The 200 and 300 series are even better. Good luck and great find! Keep us informed and post some pics as soon as you can.

Greg


----------



## jbetts13 (Dec 28, 2003)

l have a 212 very nice tractor


----------



## jodyand (Sep 16, 2003)

Greg i fixed your picture for you. You had a - instead of = in your picture link.


----------



## Greg (Sep 16, 2003)

Thanks Jody,

I hit the reply button and looked up to watch the Mariners playing Baltimore, then ran to cut potatoes for my special dill potato salad. I'm in charge of dinner tonight....BBQ salmon.

Greg


----------



## Ingersoll444 (Sep 17, 2003)

Grab it. Probably does not need a clutch, probably just the verearter[sp???] needs adjusting.


----------



## Big Allis (Nov 24, 2003)

saved the 212 from the dumpster bringin it home in cple days ill get pik of it wen i get it
:jumpropeb :crazysun: :jumpropeb


----------



## jodyand (Sep 16, 2003)

Thats GREAT bigallis hate to see things like that get pitched in the garbage. Be sure and take some pictures of it to post.


----------



## Big Allis (Nov 24, 2003)

will do n try get some other piks 2 [post too:jumpropeb :crazysun: :jumpropeb


----------



## bontai Joe (Sep 16, 2003)

If someone here can't help out in getting your 212 running, and you have questions or need help, then go to www.weekendfreedommachines.org for the best info on pre 1992 Deere garden tractors. Their archives are a VAST resource of info in the fixin and restoring of these fine old machines.


----------



## Big Allis (Nov 24, 2003)

thank you for link joe got 212 home this morning n got piks but dnt no how put thm on lol got it too garage n loooked at it pulley is froze up on it wen u release pedal it sqeals n smokes the belt so goin have put new pulley on prob goin keep tinkerin wth it


----------



## Greg (Sep 16, 2003)

bigallis,

Which pulley are you talking about? The main engine pulley? Transmission pulley?

For your pics, go to www.photobucket.com, and become a member. It's quick, easy and free. Then create an album and follow the instructions to upload pics from your camera or computer to your album. 

Below the pics is the URL for the pic. Copy it and paste into a reply on the forum. Type <imgsrc= in front of the URL, no space between the URL and the =, but add one between the img and src. Then type > at the end of the URL, again, no spaces.
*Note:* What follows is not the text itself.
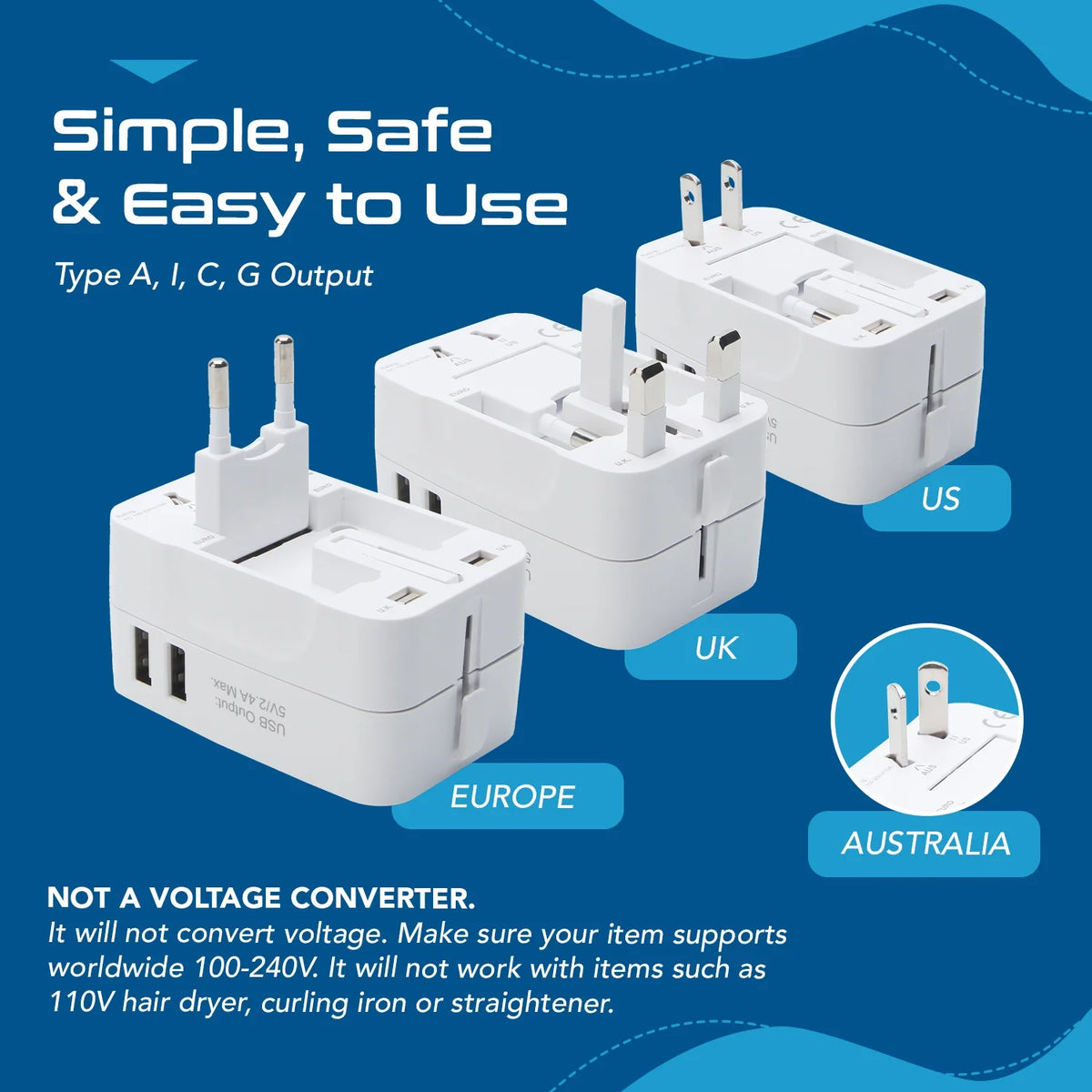Universal travel adapter with 2 USB-A – 3 in 1 travel adapter – CE & FCC certified - UP-7KU image 4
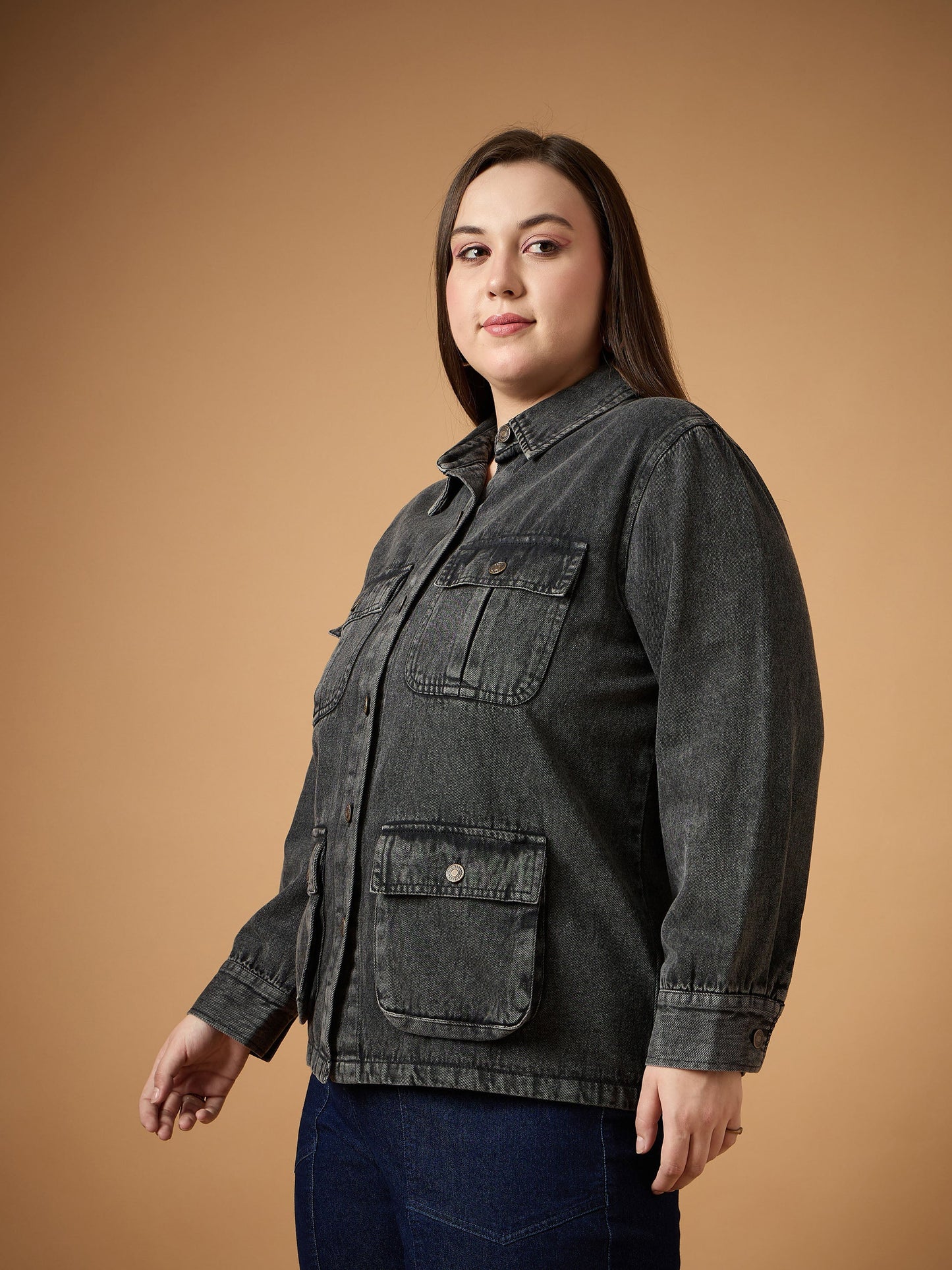 Black Acid Denim Wash Shacket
Post the reply and your pic should appear.


----------



## guest2 (Dec 27, 2003)

Or you could just click on post reply at the lower right corner of the last post in the thread and click on browse, find the pic in your files and open it and it will appear here as an attachment. Alot easier than uploading the pics to the web.


----------



## Greg (Sep 16, 2003)

What do ya know, 6 chows.....

It works!!

Greg


:furious: :furious: :furious: :furious: :furious: :furious:


----------



## guest2 (Dec 27, 2003)

Greg
You seem a little hung up on that whole hot dog thing...no pun intended!


----------



## Greg (Sep 16, 2003)

6 chows,

Just did a Google search for funny pics after your joke. Charo's pic just kinda stuck out.... No Bun intended.....

Besides that, I got a cold yesterday and I still have a fever!

Greg


----------



## Big Allis (Nov 24, 2003)

heres the 212 hope it comes threw thnks sixchows


----------



## Big Allis (Nov 24, 2003)

try this again


----------



## jodyand (Sep 16, 2003)

Almost bigallis i got about 1/4" of the top


----------



## jodyand (Sep 16, 2003)

Well i got most of the 2nd pic and from what i can see it looks like you did good.:thumbsup:


----------



## Big Allis (Nov 24, 2003)

so shld i try 4 3rd time lol


----------



## Big Allis (Nov 24, 2003)

here we go number 3 lol


----------



## Big Allis (Nov 24, 2003)

i think i got it lol the pulley that is frozen is one that wrks off the variable speed lever


----------



## bontai Joe (Sep 16, 2003)

You got a REALLY NICE bonus in that your tractor is equipped with either an electric or hydraulic lift. That is HIGHLY sought after. Overall, it looks to be in really good shape and the variator is fixible pretty cheap, just requires some patience to get in to it and a littler sweat. While you are in there, you might want to consider replacing the belts, as you will have it appart anyway. www.weekendfreedommachines.org has lots of stuff in their archives on freeing up and adjusting the drive system on these.


----------



## Big Allis (Nov 24, 2003)

thank you joe i got the variable off the lever was bent havent got into the pulley yet goin take backhoe nan pick the tractor up sso can get to it this tractor does have the electric lift on the mower


----------